En librairie depuis le 3 septembre, "Le jeu des ombres" est un roman de l'écrivaine américaine Louise Erdrich, notamment auteure de "La Chorale des maîtres bouchers", "La Malédiction des colombes" ou encore du recueil de nouvelles "La décapotable rouge", également paru en français cette année.

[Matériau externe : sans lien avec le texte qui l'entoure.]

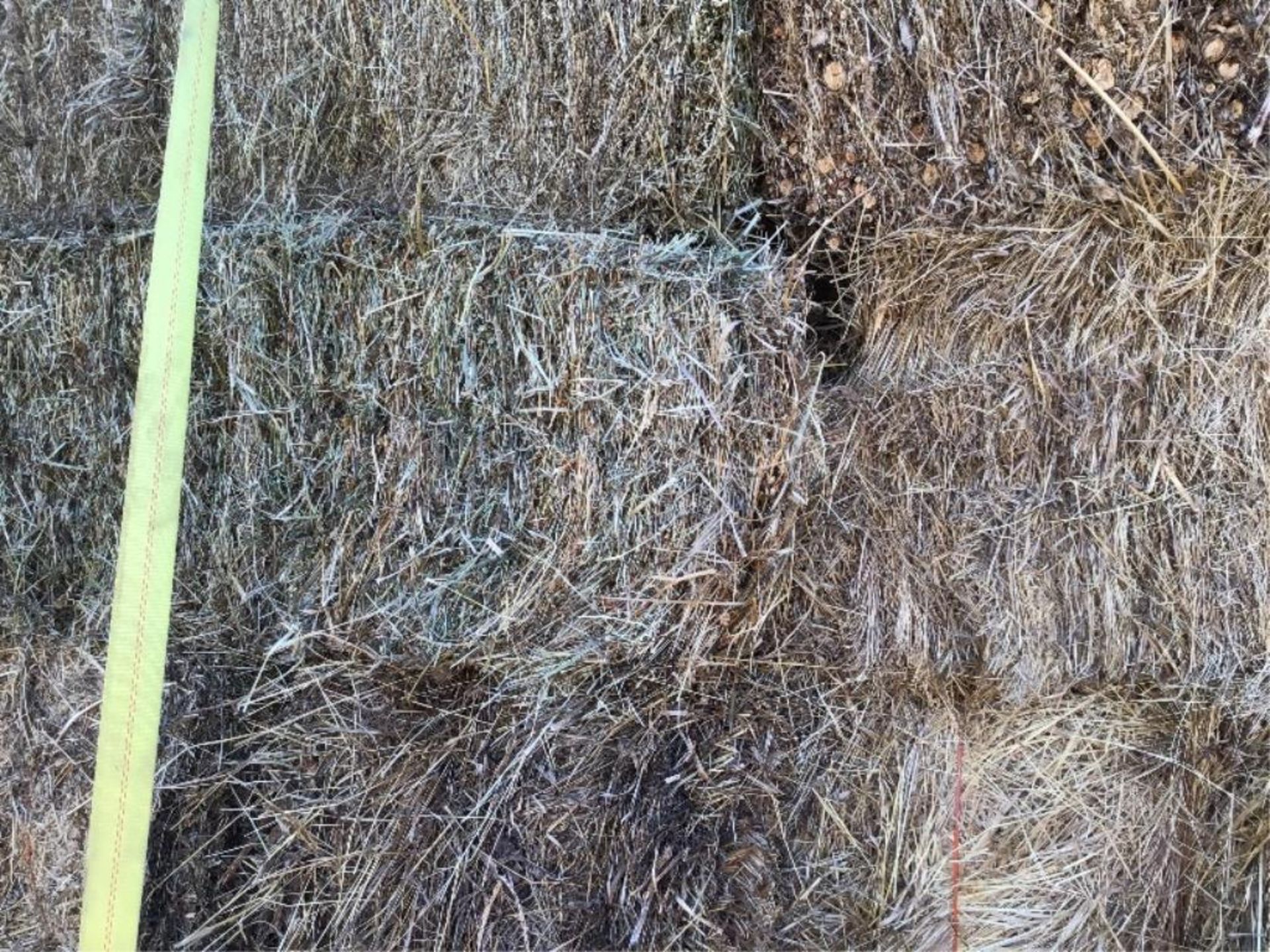 (20)-Brome/Alfalfa/Clover Mix Small Square Bales Selling by the pc X 20. Delivery for these bales on - Image 2 of 2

A la naissance de leur premier enfant, Gil avait offert à sa femme Irène un carnet rouge qu'elle continue d'alimenter depuis 15 ans. Mais au cours d'un repas de famille, un détail a priori insignifiant attire l'attention d'Irène. Pas de doute possible, en son absence, Gil lit son journal en cachette.
D'un naturel possessif et jaloux, son peintre de mari dont elle est la muse depuis des années, est en effet persuadé que sa femme le trompe.
Irène décide alors de rentrer dans son jeu en poursuivant la rédaction de son carnet rouge tout en entamant en parallèle un second carnet, adressé directement à Gil, qu'elle consigne dans un coffre à la banque.
" Il est possible de capturer une âme grâce à une ombre. C'était inscrit dans la langue ojibwé. Waabaamoojichaagwaan - le mot pour dire miroir peut également désigner l'ombre et l'âme : votre ombre est visible et peut-être vue.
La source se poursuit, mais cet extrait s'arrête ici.